▸ TRY IT
I need an exact copy of the lines from the one containing "Adrian Snaffle Hair" through the end of the records, without any pictures.

▸ LISTED RECORDS
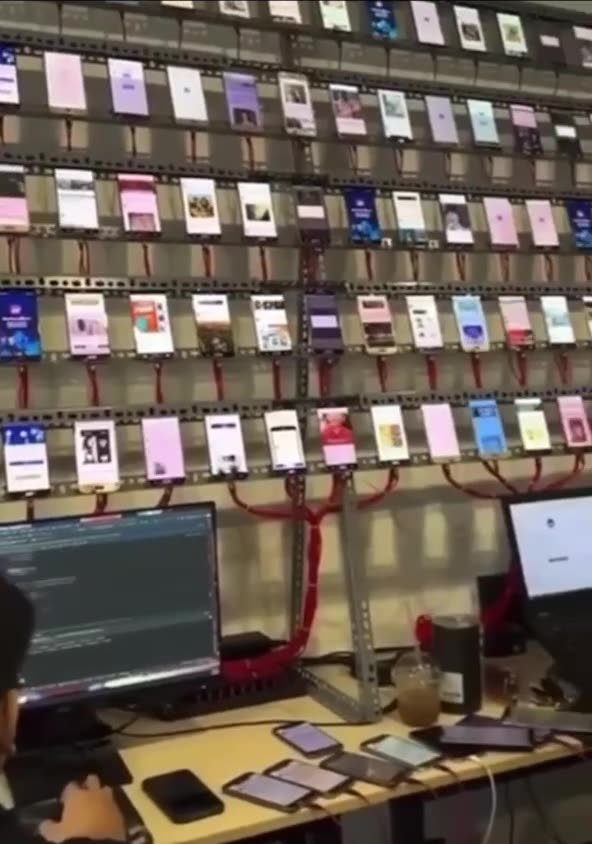 THIS IS WHAT BOT FARM LOOKS LIKE 👀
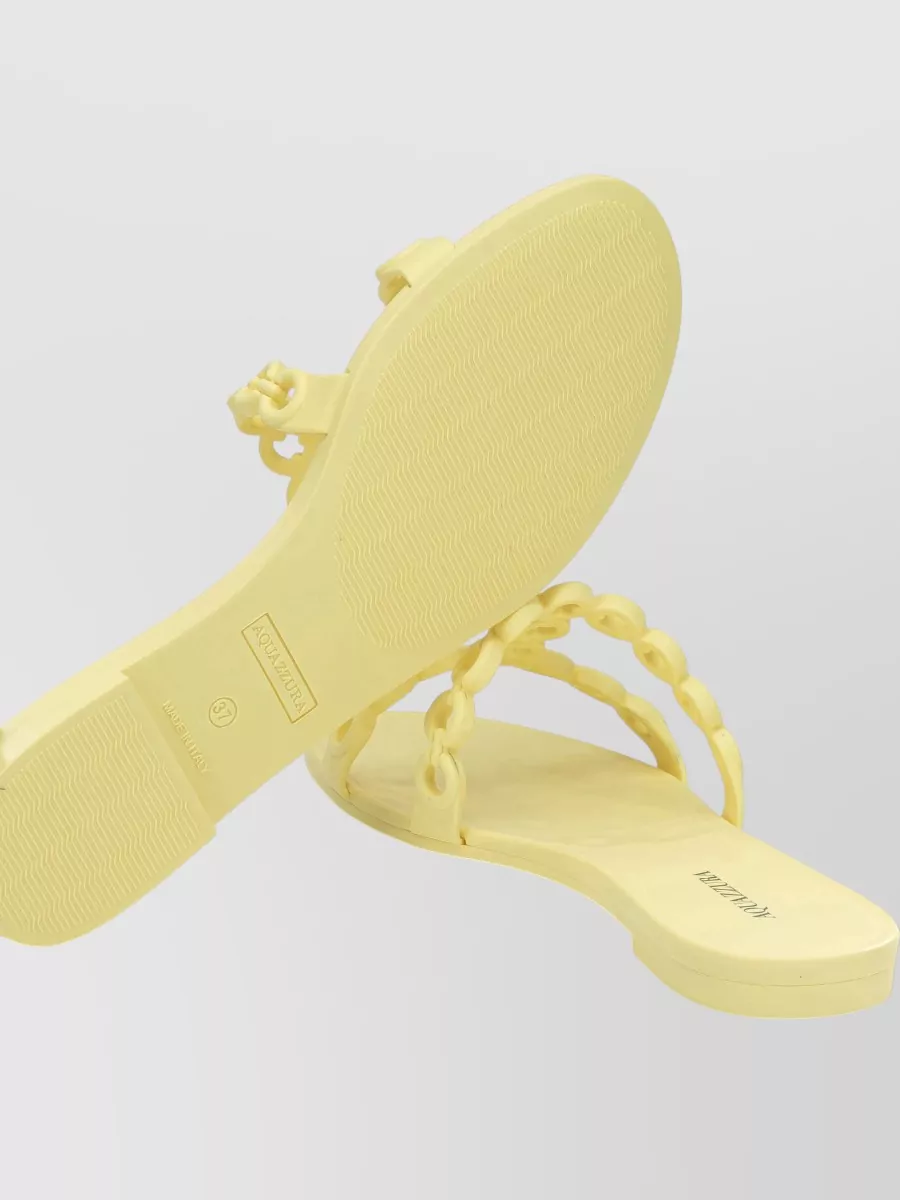 Aquazzura Infinity Chain Slides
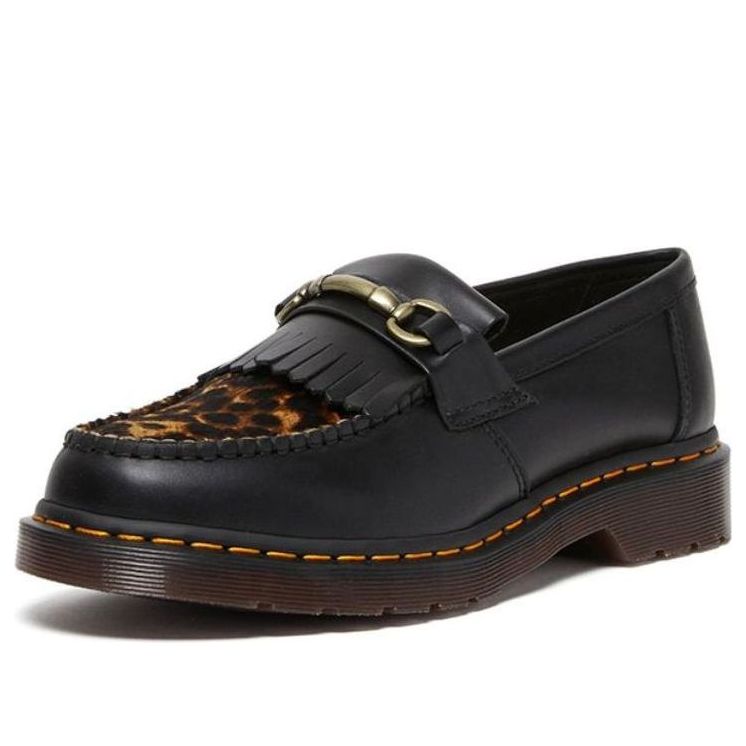 Adrian Snaffle Hair On Loafers 'Black Leopard'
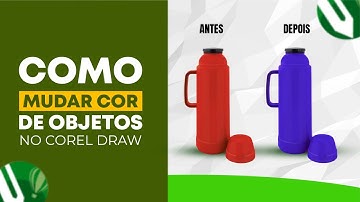 Como mudar a cor de um objeto no CorelDraw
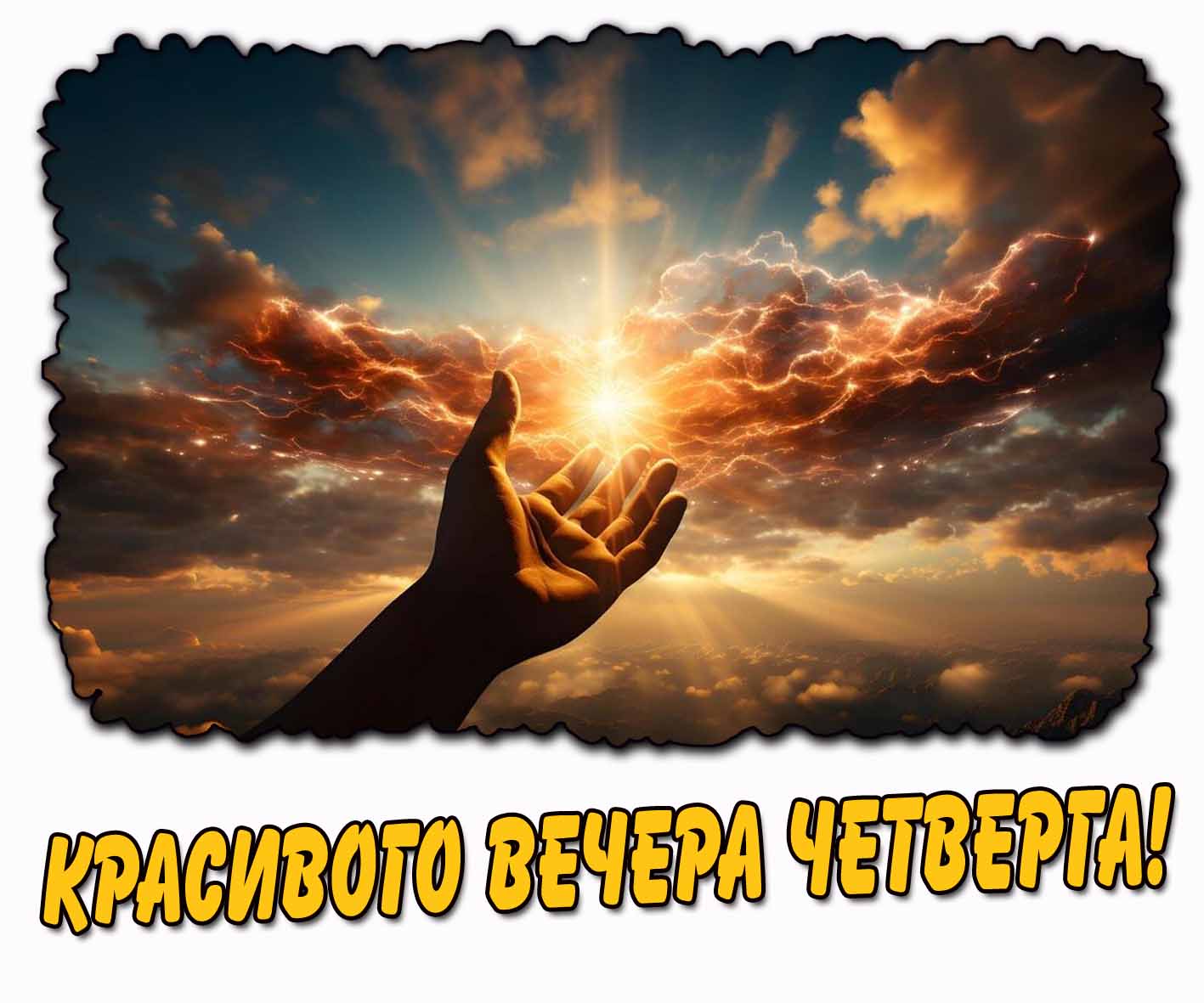 Картинка красивого вечера четверга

▸ TASK RESULT
 Adrian Snaffle Hair On Loafers 'Black Leopard'
 Como mudar a cor de um objeto no CorelDraw
 Картинка красивого вечера четверга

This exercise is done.